A kto znany poza Vonnegutem projektował dla pana?
Per Arnoldi, Duńczyk, artysta malarz. Mam projekt flagi Ziemi nagrodzonego Oskarem za film "Why Man Creates" Saula Bassa. Są też flagi Eduardo Camacho, Hiszpana, który wielokrotnie wystawiał swoje obrazy w Polsce, czy Włocha Luigiego Castiglioniego, Tadeusza Dominika, Jana Tarasina, Yusaku Kamekury, Shigeo Fukudy, Johna McConnela, Kazumasa Nagai, Henry'ego Steinera, Jana Młodożenieca, Mariana Nowińskiego, Rogera i Sophie Pfundów (projektowali Muzeum Czerwonego Krzyża w Genewie i banknot 500 franków dla Banku Francji z wizerunek Marie Skłodowskiej-Curie), a także Ernsta de Jonga z Norwegii…

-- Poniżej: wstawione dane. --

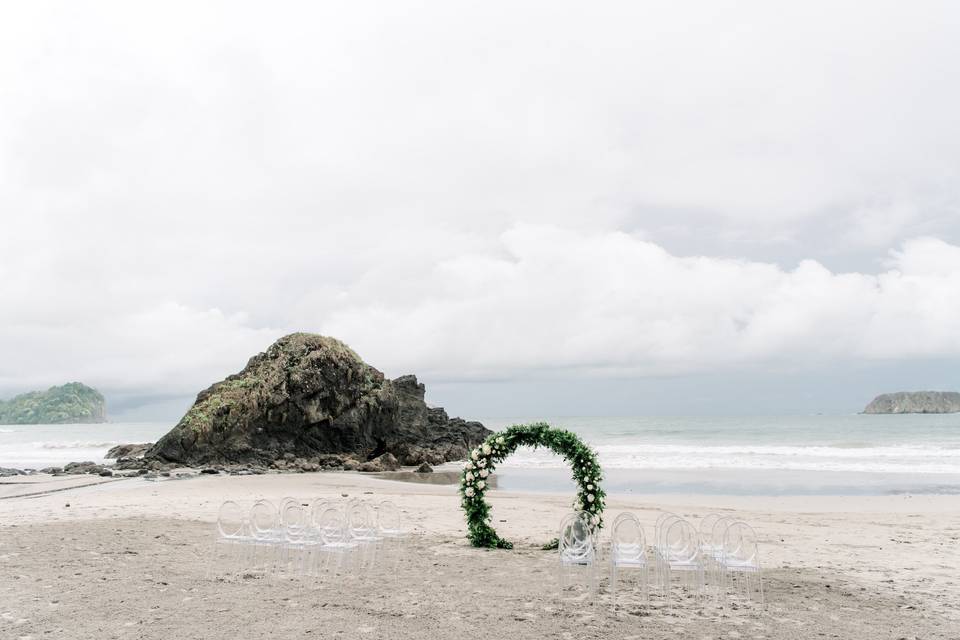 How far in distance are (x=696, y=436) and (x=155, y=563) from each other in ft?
198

Widzę, że lista się ciągnie w nieskończoność, ale flagi dla Ziemi wciąż nie ma.
I nie wiem, kiedy będzie. Na razie nie ma instytucji czy autorytetu, który o czymś takim by zadecydował. Ale kiedyś coś takiego pewnie się wydarzy. Dlatego sam zbieram propozycje i prezentuję wybór ze 100 projektów - autorskich wizji Flagi Ziemi.
Jak pozostali weksylodzy podchodzą do tematu flagi dla ziemi?

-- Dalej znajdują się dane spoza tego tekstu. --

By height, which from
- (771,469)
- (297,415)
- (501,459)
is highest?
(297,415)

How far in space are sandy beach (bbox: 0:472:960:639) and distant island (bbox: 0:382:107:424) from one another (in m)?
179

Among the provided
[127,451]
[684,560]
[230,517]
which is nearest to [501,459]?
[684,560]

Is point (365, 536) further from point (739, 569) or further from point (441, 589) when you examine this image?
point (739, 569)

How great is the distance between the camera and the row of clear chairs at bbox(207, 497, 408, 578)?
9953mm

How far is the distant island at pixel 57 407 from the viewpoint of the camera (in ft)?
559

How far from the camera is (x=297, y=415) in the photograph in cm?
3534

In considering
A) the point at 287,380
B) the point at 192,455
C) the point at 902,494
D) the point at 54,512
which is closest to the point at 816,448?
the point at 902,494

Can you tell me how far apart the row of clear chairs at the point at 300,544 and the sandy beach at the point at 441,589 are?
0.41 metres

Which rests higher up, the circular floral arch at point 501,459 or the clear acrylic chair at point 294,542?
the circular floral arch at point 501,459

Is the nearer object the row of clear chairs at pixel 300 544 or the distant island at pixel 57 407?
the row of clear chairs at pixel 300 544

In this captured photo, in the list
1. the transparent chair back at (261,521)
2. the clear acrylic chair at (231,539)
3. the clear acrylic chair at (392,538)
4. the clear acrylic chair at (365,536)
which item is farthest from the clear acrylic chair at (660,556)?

Początkowo ze zdziwieniem, ale publikacje dotyczące flagi Ziemi rozbudziły zainteresowanie wielu weksylologów. W 1995 świat weksylologów przyjął do wiadomości, że XVI Międzynarodowy Kongres Weksylologiczny będzie w Warszawie. To był największy kongres weksylologów, z największymi wystawami flagowymi towarzyszącymi obradom, z trzema organizacjami weksylologów polskich.
Kolekcjonuje pan flagi, czy tylko je wielbi?
Mam około setki. Jednak moją pasją nie są zwykłe flagi, tylko – tak jak mówiłem – doprowadzenie do ustalenia Flagi Ziemi.
Skąd je pan bierze
Są takie uroczystości czy wydarzenia, kiedy to przedstawiciele danego kraju przywiozą lub przyślą swoją flagę. Ona ma wtedy zupełnie inną wartość, niż flaga, którą organizator imprezy zamówił powiedzmy z Chin.
Czy przy takich wydarzeniach obowiązują jakieś reguły?
Jak najbardziej. Zacznijmy od tego, że flagi się ustawia alfabetycznie według nazwy kraju w języku gospodarza imprezy. W zależności od typu imprezy, flaga kraju, który gości pozostałe może być w jakiś szczególny sposób wyróżniona. Może np. być na początku i końcu szpaleru flag, może także być na podwyższeniu. Zależy to rzecz jasna od rangi imprezy, bo wiadomo, że np. na Igrzyskach Olimpijskich wszystkie państwa są równe, więc gospodarz nie może wyróżnić swojej flagi na tle pozostałych. Wtedy każda z nich musi mieć tę samą wysokość.